Settlement began in the late
1740s and grew rapidly in the 1750s.
Settlers came from Virginia,
Pennsylvania, Maryland, Delaware, New Jersey, Nantucket Island in
Massachusetts, and the eastern and central counties of North Carolina.
Migration into Guilford County
was frequently over the Great Wagon Road through the Valley of Virginia.
Group migrations were made by
German Lutherans and Reformed settlers from Pennsylvania beginning in
the late 1740s; Scots-Irish Presbyterians from the
Pennsylvania-Maryland border area in the 1750s; Quakers from many
locations in the 1750s; scattered Virginia Baptists organized meetings
in the 1750s; and Methodists from the Eastern Shore of Maryland in the
1770s and 1780s.
"Moving On" to the south, west
and northwest began almost immediately and picked up speed about 1800.

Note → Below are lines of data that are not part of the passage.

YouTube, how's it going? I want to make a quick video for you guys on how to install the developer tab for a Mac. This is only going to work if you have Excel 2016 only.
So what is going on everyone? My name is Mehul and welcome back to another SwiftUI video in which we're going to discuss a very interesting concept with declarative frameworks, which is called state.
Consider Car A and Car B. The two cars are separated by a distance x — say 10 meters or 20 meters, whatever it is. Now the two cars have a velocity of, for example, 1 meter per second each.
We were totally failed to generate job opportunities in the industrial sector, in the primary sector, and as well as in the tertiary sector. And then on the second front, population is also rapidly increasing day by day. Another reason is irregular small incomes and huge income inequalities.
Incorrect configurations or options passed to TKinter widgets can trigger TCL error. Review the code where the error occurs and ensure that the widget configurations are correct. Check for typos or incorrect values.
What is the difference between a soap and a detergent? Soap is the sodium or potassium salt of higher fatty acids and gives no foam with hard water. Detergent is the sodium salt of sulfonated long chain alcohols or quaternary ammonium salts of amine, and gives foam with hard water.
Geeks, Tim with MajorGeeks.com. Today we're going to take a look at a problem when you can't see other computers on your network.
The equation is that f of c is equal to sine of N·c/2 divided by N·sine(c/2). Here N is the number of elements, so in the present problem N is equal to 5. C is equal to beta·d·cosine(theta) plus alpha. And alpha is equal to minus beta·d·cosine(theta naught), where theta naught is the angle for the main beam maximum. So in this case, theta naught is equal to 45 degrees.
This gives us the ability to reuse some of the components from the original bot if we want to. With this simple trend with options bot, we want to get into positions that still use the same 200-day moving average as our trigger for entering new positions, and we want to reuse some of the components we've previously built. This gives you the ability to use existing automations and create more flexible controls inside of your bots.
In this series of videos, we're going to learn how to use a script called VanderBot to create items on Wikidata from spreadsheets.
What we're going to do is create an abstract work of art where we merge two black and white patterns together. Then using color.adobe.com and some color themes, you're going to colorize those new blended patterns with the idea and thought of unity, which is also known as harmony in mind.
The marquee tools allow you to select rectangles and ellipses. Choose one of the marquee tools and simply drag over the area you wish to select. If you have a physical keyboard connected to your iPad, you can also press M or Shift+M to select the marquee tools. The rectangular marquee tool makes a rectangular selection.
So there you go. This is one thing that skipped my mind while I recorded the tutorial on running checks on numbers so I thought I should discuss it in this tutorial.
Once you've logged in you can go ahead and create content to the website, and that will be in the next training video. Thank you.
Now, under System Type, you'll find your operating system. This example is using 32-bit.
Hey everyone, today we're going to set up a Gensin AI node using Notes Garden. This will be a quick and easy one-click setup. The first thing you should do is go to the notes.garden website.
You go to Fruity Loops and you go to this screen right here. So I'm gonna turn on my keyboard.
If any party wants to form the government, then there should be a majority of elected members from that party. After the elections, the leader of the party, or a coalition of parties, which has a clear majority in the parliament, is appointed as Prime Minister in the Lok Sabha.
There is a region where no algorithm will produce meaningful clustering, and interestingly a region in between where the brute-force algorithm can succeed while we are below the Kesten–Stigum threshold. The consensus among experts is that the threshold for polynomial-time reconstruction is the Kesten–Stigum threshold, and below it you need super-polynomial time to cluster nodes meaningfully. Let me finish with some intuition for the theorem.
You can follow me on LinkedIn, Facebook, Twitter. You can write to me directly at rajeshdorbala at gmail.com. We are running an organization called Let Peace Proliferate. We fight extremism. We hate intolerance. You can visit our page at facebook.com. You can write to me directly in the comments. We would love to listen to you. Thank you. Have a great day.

Upper Georgia and South Carolina were favored, then sights were set on
the Cumberland Gap as a way to Tennessee, Kentucky, Ohio, and Indiana.
The Battle at Guilford
Courthouse
was fought on 15 March 1781. Cornwallis won, but the victory left the
British army so weak that it caused them to lose the campaign in the
southern colonies, and led to the surrender at Yorktown.